My question here is, am I misinterpreting a binomial random sample? Doing some research on this I'm thinking perhaps I have misunderstood something – however my answer "feels" okay regardless? Although I think I've maybe just used a few tricks that may not make sense to get my answer…
This is my interpretation of the question:
$$\begin{align}
&X_i|\theta \sim Bin(k, \theta), \; i = 1,…,n\;, 0\leq \theta \leq 1 \\\\
\implies f_{\underline{X}}(\underline{X}|\theta)
&= \prod_{i=1}^n {k \choose x_{i}} \theta^{x_i}(1 – \theta)^{k-x_{i}}\\
&= \theta^{\sum x_i}(1-\theta)^{nk – \sum x_i} \left(\prod_{i=1}^n {k \choose x_{i}}\right)\\
&\propto \theta^{\sum x_i}(1-\theta)^{k – \sum x_i}
\end{align}$$
(Once the data is observed $\prod_{i=1}^n {k \choose x_{i}}$ is just a constant)
So,
$$\begin{align}
\log{f_{\underline{X}}(\underline{X}|\theta)}
&= \left(\sum_{i=1}^n x_i\right)\log{\theta} + \left(nk – \sum_{i=1}^n x_i\right)\log{(1-\theta)} + \log\left(\prod_{i=1}^n {k \choose x_{i}}\right)\\
\implies \frac{\partial \log{f_{\underline{X}}(\underline{X}|\theta)}}{\partial \theta}
&= \frac{1}{\theta}\left(\sum_{i=1}^n x_i\right) – \frac{1}{1-\theta}\left(nk – \sum_{i=1}^n x_i\right) \\
\implies \frac{\partial^2 \log{f_{\underline{X}}(\underline{X}|\theta)}}{\partial \theta^2}
&= -\frac{1}{\theta^2}\left(\sum_{i=1}^n x_i\right) – \frac{1}{(1-\theta)^2}\left(nk – \sum_{i=1}^n x_i\right) \\ \\
\implies I(\theta)
&= E\left[- \frac{\partial^2 \log{f_{\underline{X}}(\underline{X}|\theta)}}{\partial \theta^2}\right]\\
&= E\left[\frac{1}{\theta^2}\left(\sum_{i=1}^n x_i\right) + \frac{1}{(1-\theta)^2}\left(nk – \sum_{i=1}^n x_i\right)\right]\\
&= \frac{1}{\theta^2}\left(\sum_{i=1}^n E[x_i|\theta]\right) + \frac{1}{(1-\theta)^2}\left(nk – \sum_{i=1}^n E[x_i|\theta]\right)\\
&= \frac{nk}{\theta} + \frac{nk}{(1-\theta)^2} – \frac{nk\theta}{(1-\theta)^2}\\
&= \frac{nk}{\theta(1-\theta)}
\end{align}$$
Hence, the Jeffrey's prior is
$$
\pi(\theta) \propto \sqrt{\frac{nk}{\theta(1-\theta)}} \propto \sqrt{\frac{k}{\theta(1-\theta)}}
$$
So, using Bayes' Theorem:
$$\begin{align}
\pi(\theta | \underline{X})
&\propto \theta^{\sum x_i}(1-\theta)^{k – \sum x_i} \sqrt{\frac{k}{\theta(1-\theta)}}\\
&\propto C\theta^{n\bar{x} – 1/2}(1-\theta)^{k – n\bar{x} – 1/2}
\end{align}$$
Thus, we get a Beta posterior distribution, specifically:
$$
\theta|\underline{X} \sim Beta(n\bar{x} + 1/2, k-n\bar{x} + 1/2)
$$
Best Answer
For a binomial or Bernoulli likelihood on the parameter $\theta$, the conjugate prior is Beta distributed.
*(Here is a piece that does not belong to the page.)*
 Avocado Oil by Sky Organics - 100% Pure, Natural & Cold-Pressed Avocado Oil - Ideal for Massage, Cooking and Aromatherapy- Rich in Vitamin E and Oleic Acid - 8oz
It is not necessary to normalize the prior to make it a proper density because we only need to retain proportionality: $$f(\theta \mid x) \propto f(x \mid \theta) p(\theta).$$ Any constant with respect to $\theta$ on the right-hand side of the above will not affect the calculation of the posterior.
For example, your Jeffrey's prior you calculated was $$p(\theta) = \sqrt{\frac{k}{\theta(1-\theta)}}$$ which is proportional to a Beta density with prior hyperparameters $\alpha = \beta = 1/2$. For a likelihood of a single binomial observation $$f(x \mid \theta) = \binom{k}{x} \theta^x (1-\theta)^{k-x},$$ this gives us the posterior
$$f(\theta \mid x) \propto \binom{k}{x} \sqrt{k} \theta^{x-1/2} (1-\theta)^{k-x-1/2}.$$
But the factor $\binom{k}{x} \sqrt{k}$ is irrelevant: what matters is the kernel $\theta^{x-1/2} (1-\theta)^{k-x-1/2}$ which is proportional to a Beta density with posterior hyperparameters $\alpha^* = x + 1/2$, $\beta^* = k-x+1/2$. Had we instead used $$p(\theta) = \frac{1}{\sqrt{\theta(1-\theta)}}$$ as our Jeffrey's prior, the result would be the same for the posterior because we ignored the $\sqrt{k}$ factor anyway. Or we could have even used the proper Beta Jeffrey's prior density $$f(\theta) = \frac{1}{\pi \sqrt{\theta(1-\theta)}}.$$ It makes no difference.
The above easily generalizes to a likelihood on a sample of $n$ binomial observations:
$$f(\theta \mid x_1, \ldots, x_n) \propto \theta^{n \bar x - 1/2}(1-\theta)^{n(k - \bar x) - 1/2}.$$ Note you have an error in your posterior; this is because for a sample of size $n$, the sample total $\sum x_i = n \bar x$ is binomial with parameters $nk$ and $\theta$, so the likelihood is proportional to that for a single observation of a binomial variable with those parameters; i.e., $n\bar x \in \{0, 1, \ldots, nk\}$.